兄を怒らせまいと必死のグラディウスの説明に、二人とも一応、納得をした。これ以上不特定多数に狙われるよりも、狭い範囲で囲ってしまった方がある意味安全だ。何をやらかすかわからないところがあるから、ちょっと怖いが。
命を狙われていることがもともとわかっていれば、実力がある教師が大勢いる学校内の方が安全だろう。もともと、そういう命の駆け引きがされている場なのだから。いくら気に食わなくとも、死人を出してはまずいから、必死に守るはずだ。
まあ、完全に安全とは言えないが。何せ学生時代のヴィリロスも王位継承の問題で命を狙われたものだ。主に王族から。ことごとく返り討ちにしてやったものだが。
「そうですの。まあ、その面白いワンちゃんがついていれば、命の心配はなさそうですわね」
いまだに単なる魔法生物か、せいぜいが精霊のなりかけにしか思っていないようだが、あれはそんなものではなく、かなり高位の精霊なのだとグラディウスは悟っていた。自分の命が惜しいから、そんなことは兄には告げない。
「それよりもあの首輪が問題か。魔力の扱い方は教えたが、仕舞い方は教えてないから、今は大変だろう。杖も、使わせた方がよかったか。まさか、貴族として遇されるとは思わなかったからな」
国王ににらまれているから、まさか、学校にお呼びがかかるとは思っていなかった、というのがヴィリロスとコラリアの正直な気持ちである。
「そうですわねぇ。魔力の使い方だけ教えて、そのあとは自由に生きてもらおうかと思っていたから、貴族的なことは最低限しか教えておりませんでしたもの」
だから、貴族ではなくても生きているようにしつけたのだ。貴族として妙にずれているのは、両親の教育のたまものでもあった。
そんな和やかな二人の様子を見つつ、グラディウスがおずおずと切り出して来る。屈強な軍人のはずだが、昔から彼は兄に頭は上がらない。
「その…それより、ですが、兄上が息子ルセウスに会いに来ると国王陛下バレました。どうやら張らせていたようで、私があの子に土産を用意しているのを見つかったのです」
申し訳ありません、と頭を下げると、一瞬また、ヴィリロスの眼が剣呑になり、再びコラリアにつねられる。
「…ッ!痛いぞ、コーラ。わかった!睨まないから、摘ままないでくれ」
「人のお話はきちんと聞きましょうって、ルルにも教えたのだから、ヴィー様も守ってくださいな」
グラディウスは生まれて初めて、この義理の姉のことをすごいと思った。幼い頃から、容姿端麗で天才児とほめそやされていた兄は、彼が物心つくころにはすでに傍若無人であった。

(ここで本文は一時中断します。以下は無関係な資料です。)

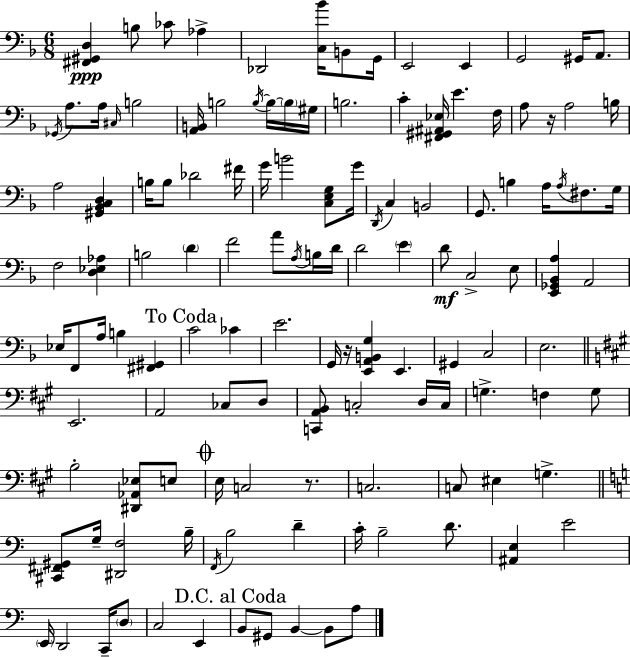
{
  \clef bass
  \numericTimeSignature
  \time 6/8
  \key f \major
  <fis, gis, d>4\ppp b8 ces'8 aes4-> | des,2 <c bes'>16 b,8 g,16 | e,2 e,4 | g,2 gis,16 a,8. | \break \acciaccatura { ges,16 } a8. a16 \grace { cis16 } b2 | <a, b,>16 b2 \acciaccatura { b16~ }~ | b16~~ \parenthesize b16 gis16 b2. | c'4-. <fis, gis, ais, ees>16 e'4. | \break f16 a8 r16 a2 | b16 a2 <gis, bes, c d>4 | b16 b8 des'2 | fis'16 g'16 b'2 | \break <c e g>8 g'16 \acciaccatura { d,16 } c4 b,2 | g,8. b4 a16 | \acciaccatura { a16 } fis8. g16 f2 | <d ees aes>4 b2 | \break \parenthesize d'4 f'2 | a'8 \acciaccatura { a16 } b16 d'16 d'2 | \parenthesize e'4 d'8\mf c2-> | e8 <e, ges, bes, a>4 a,2 | \break ees16 f,8 a16 b4 | <fis, gis,>4 \mark "To Coda" c'2 | ces'4 e'2. | g,16 r16 <e, a, b, g>4 | \break e,4. gis,4 c2 | e2. | \bar "||" \break \key a \major e,2. | a,2 ces8 d8 | <c, a, b,>8 c2-. d16 c16 | g4.-> f4 g8 | \break b2-. <dis, aes, ees>8 e8 | \mark \markup { \musicglyph "scripts.coda" } e16 c2 r8. | c2. | c8 eis4 g4.-> | \break \bar "||" \break \key c \major <cis, fis, gis,>8 g16-- <dis, f>2 b16-- | \acciaccatura { f,16 } b2 d'4-- | c'16-. b2-- d'8. | <ais, e>4 e'2 | \break \parenthesize e,16 d,2 c,16-- \parenthesize d8 | c2 e,4 | \mark "D.C. al Coda" b,8 gis,8 b,4~~ b,8 a8 | \bar "|."
}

周りもそれを許容していたから、こんな何を見るのは、初めてだったのだ。
「と、いうわけでな。宰相経由でお前たちへの招待状を預かった。明日には登城せよとのことだ」
話がひと落ち着きしたのを見計らい、当代のプラテアド公爵が差し出したのは、白く輝くような上質な紙でできた、金の封蝋がされた封筒があった。そこに押されている紋章を使えるのは唯一、国王だけである。